(WHAT IS REQUIRED) All pictures are to be omitted while the lines starting at the line with "5-in-1 Motor Kit" and ending at the line with "A panoramic view" in the material below are retyped exactly, both ends included.
START PROVIDED RECORDS
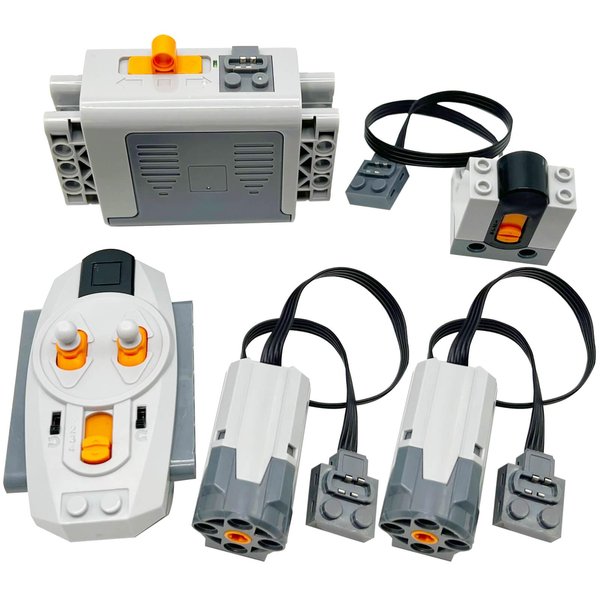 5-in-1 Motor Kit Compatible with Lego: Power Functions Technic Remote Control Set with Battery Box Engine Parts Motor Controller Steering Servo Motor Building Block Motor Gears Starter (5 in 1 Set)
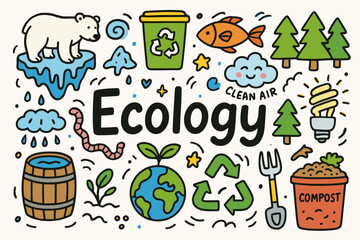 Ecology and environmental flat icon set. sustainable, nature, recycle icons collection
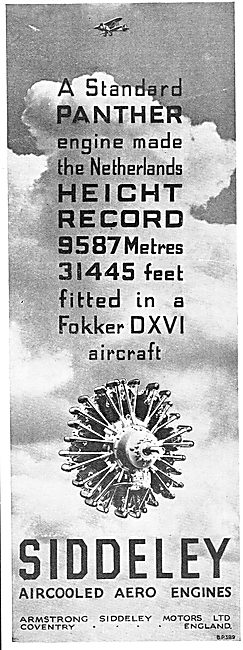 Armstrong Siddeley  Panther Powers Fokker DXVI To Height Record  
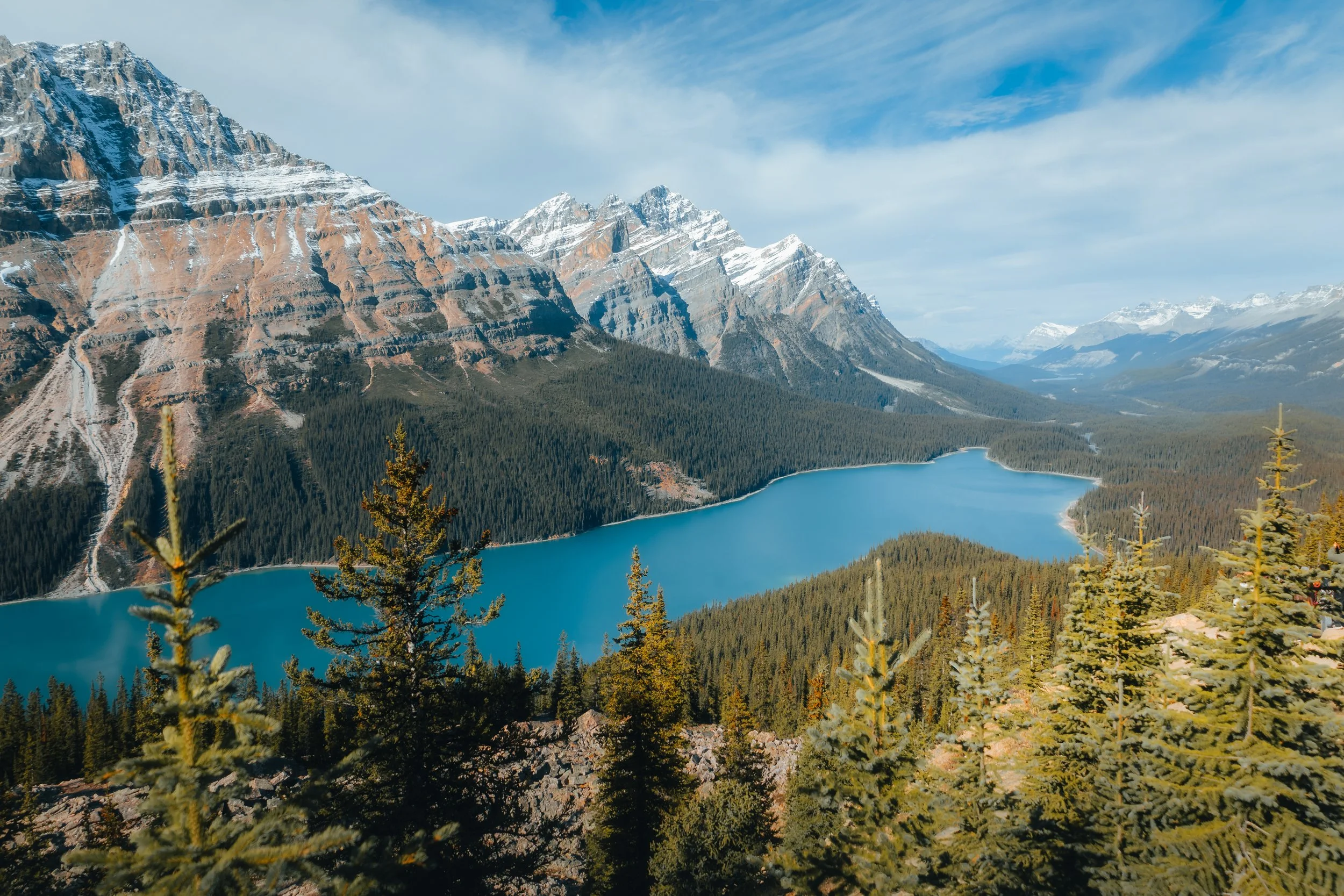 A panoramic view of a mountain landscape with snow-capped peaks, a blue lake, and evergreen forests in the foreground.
END PROVIDED RECORDS
START PROVIDED RECORDS
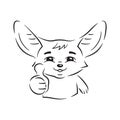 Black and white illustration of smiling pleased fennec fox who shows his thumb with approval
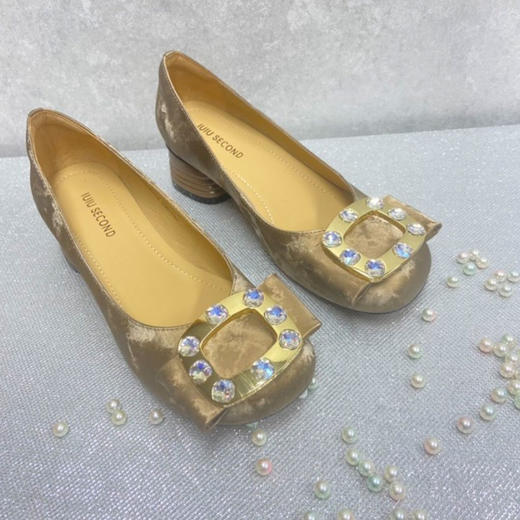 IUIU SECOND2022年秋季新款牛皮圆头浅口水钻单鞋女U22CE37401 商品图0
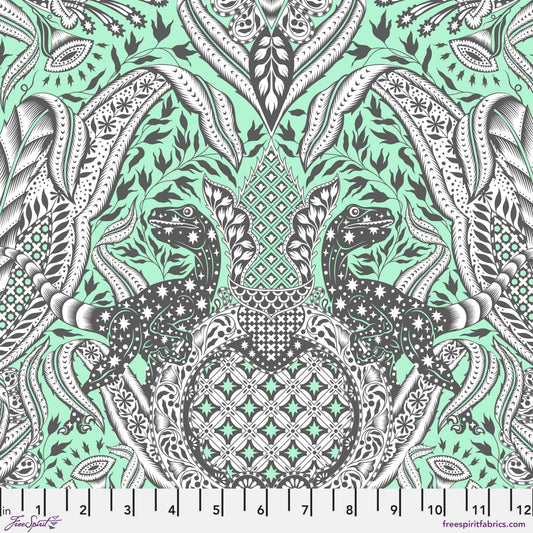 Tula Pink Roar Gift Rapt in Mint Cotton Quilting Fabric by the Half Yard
END PROVIDED RECORDS
(SOLVED PROBLEM)
 5-in-1 Motor Kit Compatible with Lego: Power Functions Technic Remote Control Set with Battery Box Engine Parts Motor Controller Steering Servo Motor Building Block Motor Gears Starter (5 in 1 Set)
 Ecology and environmental flat icon set. sustainable, nature, recycle icons collection
 Armstrong Siddeley  Panther Powers Fokker DXVI To Height Record  
 A panoramic view of a mountain landscape with snow-capped peaks, a blue lake, and evergreen forests in the foreground.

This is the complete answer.